P as in Peter, F as in Frank
a review by Mike W. ofrelease format P As In Peter, F As In Frank by Secret Agent Gel (CD Album)
text
Secret Agent Gel gives two instructions for how to approach the music on 'P as in Peter, F as in Frank': listen to it from start to finish and in stereo. The latter is innocuous enough. It was the former, along with the spy-vs.-spy band name, that made me wonder if the disc would reveal some kind of coded message that can only be decrypted through uninterrupted listening.
While no hidden meaning surfaced during my repeated trips through all 15 tracks, I did discover that describing the disc as a whole and placing it into a genre were significant challenges. I could pull out bits of sound images from my memory - the raining electronic percussion of 'trk E' or the jazzy pulse of scraping static on 'trk A', for example - but wrapping it all up into a neat package remained elusive.

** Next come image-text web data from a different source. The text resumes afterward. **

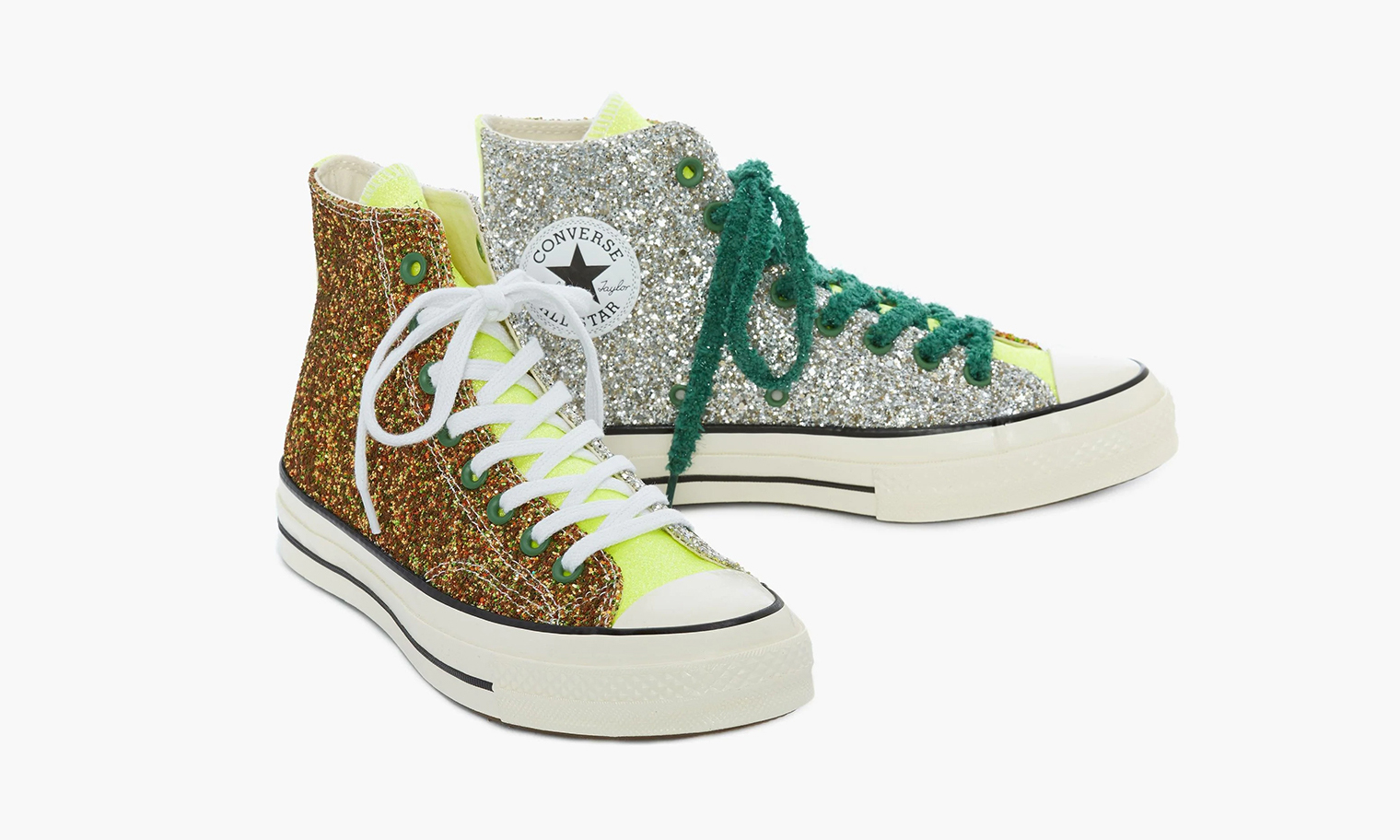 JW Anderson x Converse「Glitter Chuck Taylor」联名球鞋即将开启抽签发售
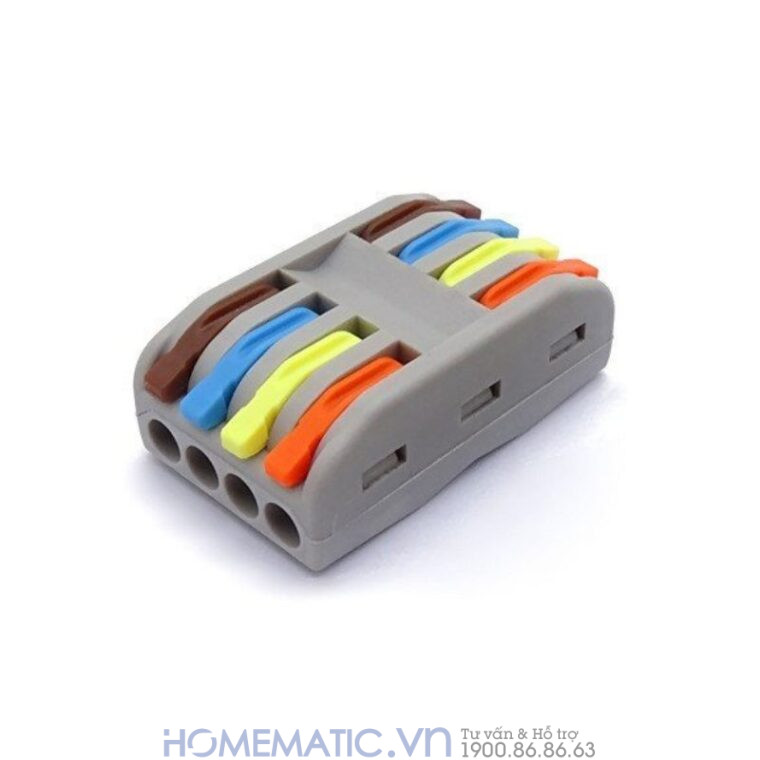 Cút Nối đầu Nối Dây điện Nhanh 4 Cổng Ra 4 Kv774-4p4c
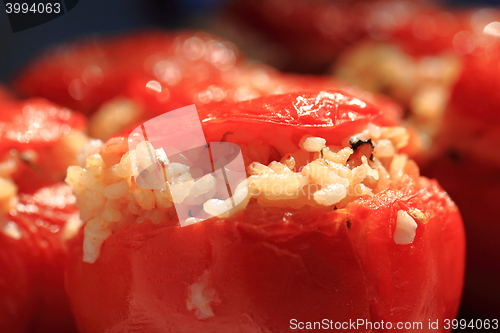 Image of grilled tomatoes with rice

This amnesiac quality is by no means the result of boredom or disinterest. Rather, it seems to have come from Secret Agent Gel's expert creation and mixing of tracks that simultaneously sound disparate but also somehow slightly related. In addition to the sound bites above, there are the sterile, echoing blips of a submarine's depth finder causing inner-ear claustrophobia on 'trk 1' and the uneasy mix of bird songs, special-bulletin newscasts, and keyboard washes on 'trk F', recalling Skinny Puppy's 'Blood on the Wall' and 'Epilogue'. Sampled individually, each track sounds as if it might have come from different artists. Lined up on this disc, however, there is no inconsistency among them - Secret Agent Gel makes the links and connections seamless.
The end result? 'P as in Peter, F as in Frank' is a guided journey through shifting landscapes and landmarks of abstract electronic beats. You can see clearly how you travel from point A to point B in real time, but once you've reached the end of the disc, you can't look back and easily describe where you've been. Consider it encouragement to go back and keep exploring and unraveling.